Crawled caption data
****

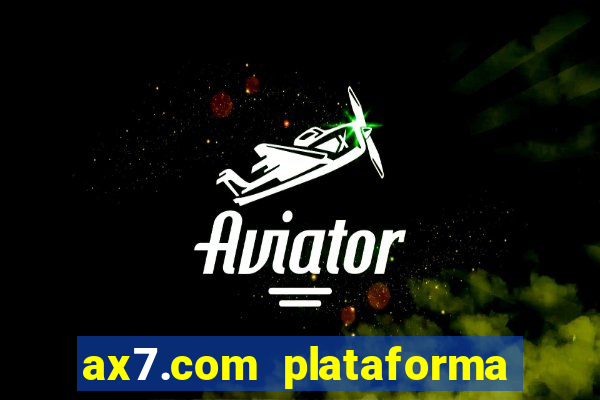 ax7.com plataforma de jogos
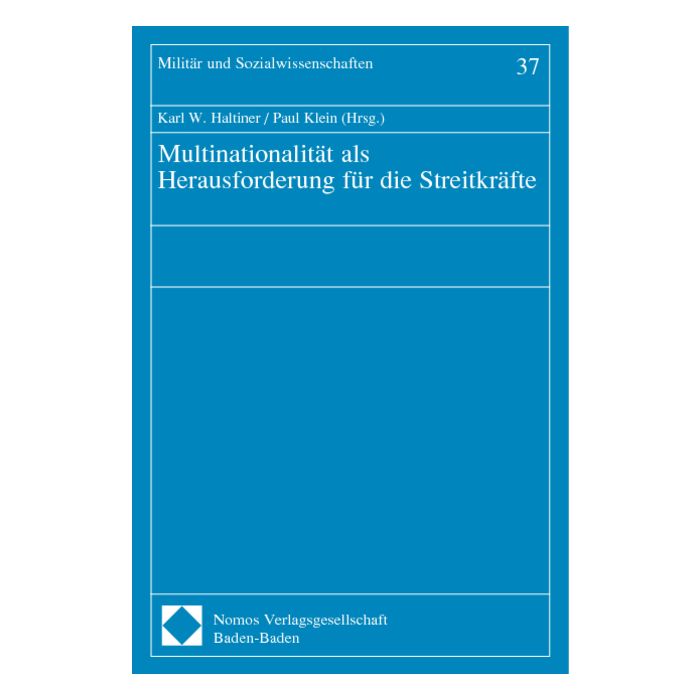 Multinationalität als Herausforderung für die Streitkräfte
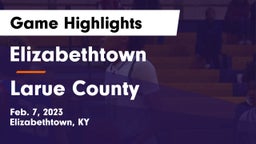 Elizabethtown  vs Larue County  Game Highlights - Feb. 7, 2023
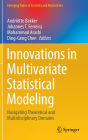 Innovations in Multivariate Statistical Modeling: Navigating Theoretical and Multidisciplinary Domains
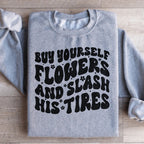 Buy Yourself Flowers And Slash His Tires Sweatshirt Peachy Sunday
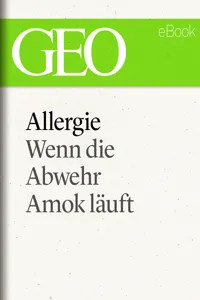 Allergie: Wenn die Abwehr Amok läuft (GEO eBook Single)_cover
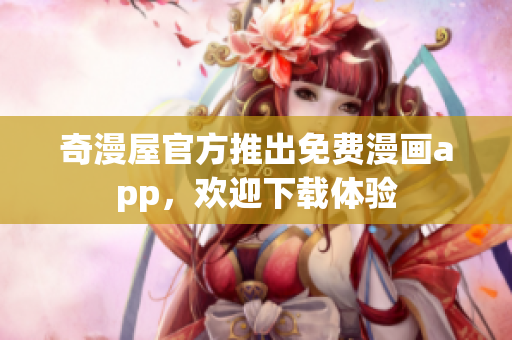 奇漫屋官方推出免费漫画app，欢迎下载体验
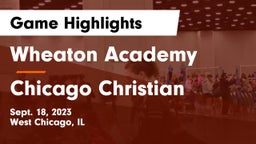 Wheaton Academy  vs Chicago Christian  Game Highlights - Sept. 18, 2023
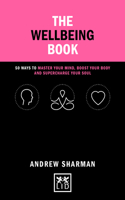 The Wellbeing Book: 50 ways to focus your mind, boost your body and supercharge your soul(Concise Advice)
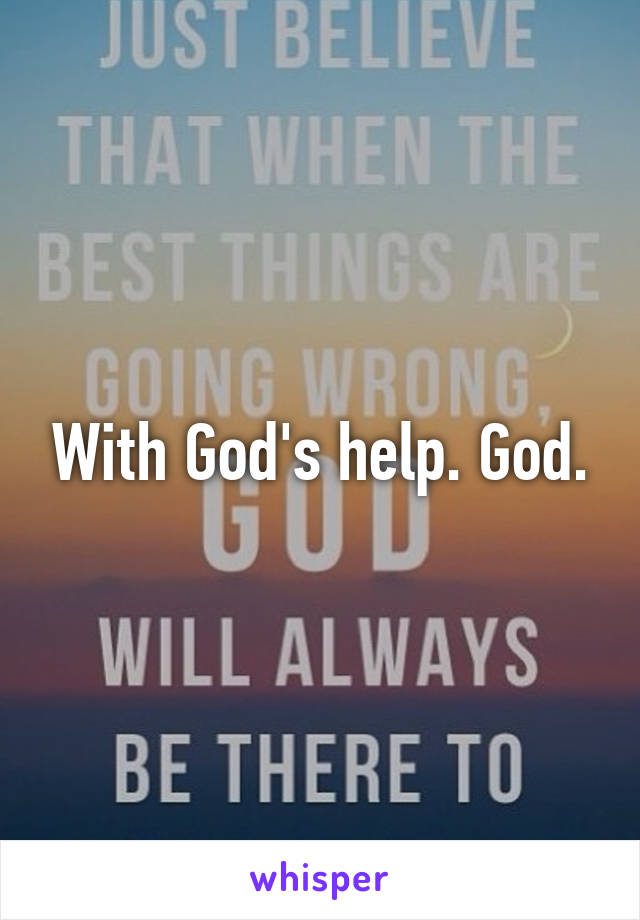 With God's help. God.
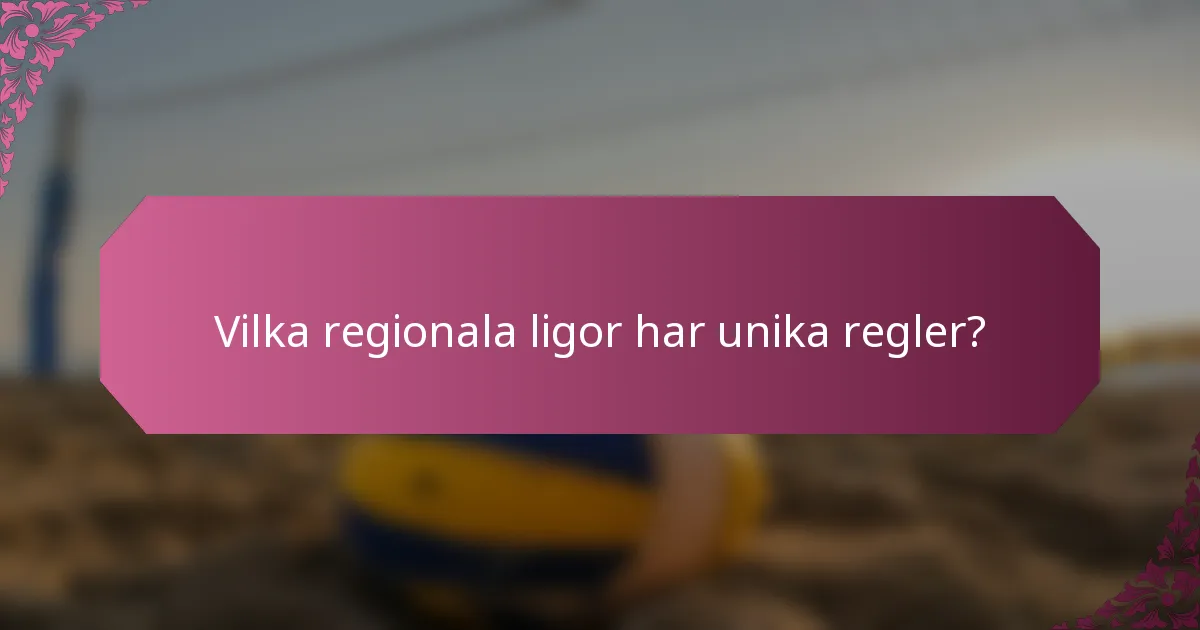 Vilka regionala ligor har unika regler?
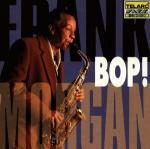 Bop - CD Audio di Frank Morgan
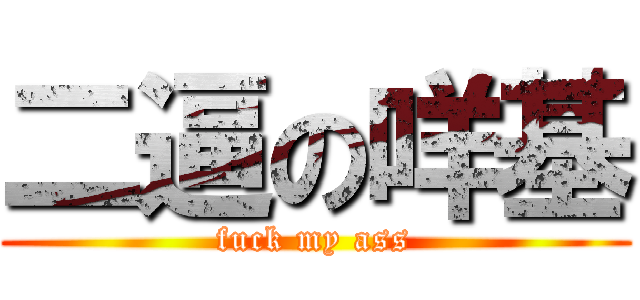 二逼の咩基 (fuck my ass)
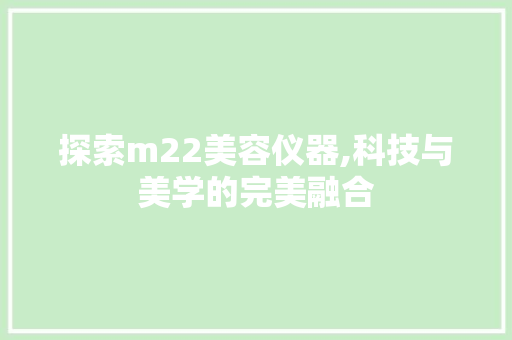 探索m22美容仪器,科技与美学的完美融合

****

_Work item_. The lines from the start of the records above through the line that holds "Allergie: Wenn die" are to be copied exactly, both ends included, and no pictures are to be copied.

_Your response_.
 ax7.com plataforma de jogos
 Multinationalität als Herausforderung für die Streitkräfte
 Elizabethtown  vs Larue County  Game Highlights - Feb. 7, 2023
 Innovations in Multivariate Statistical Modeling: Navigating Theoretical and Multidisciplinary Domains
 Buy Yourself Flowers And Slash His Tires Sweatshirt Peachy Sunday
 Allergie: Wenn die Abwehr Amok läuft (GEO eBook Single)_cover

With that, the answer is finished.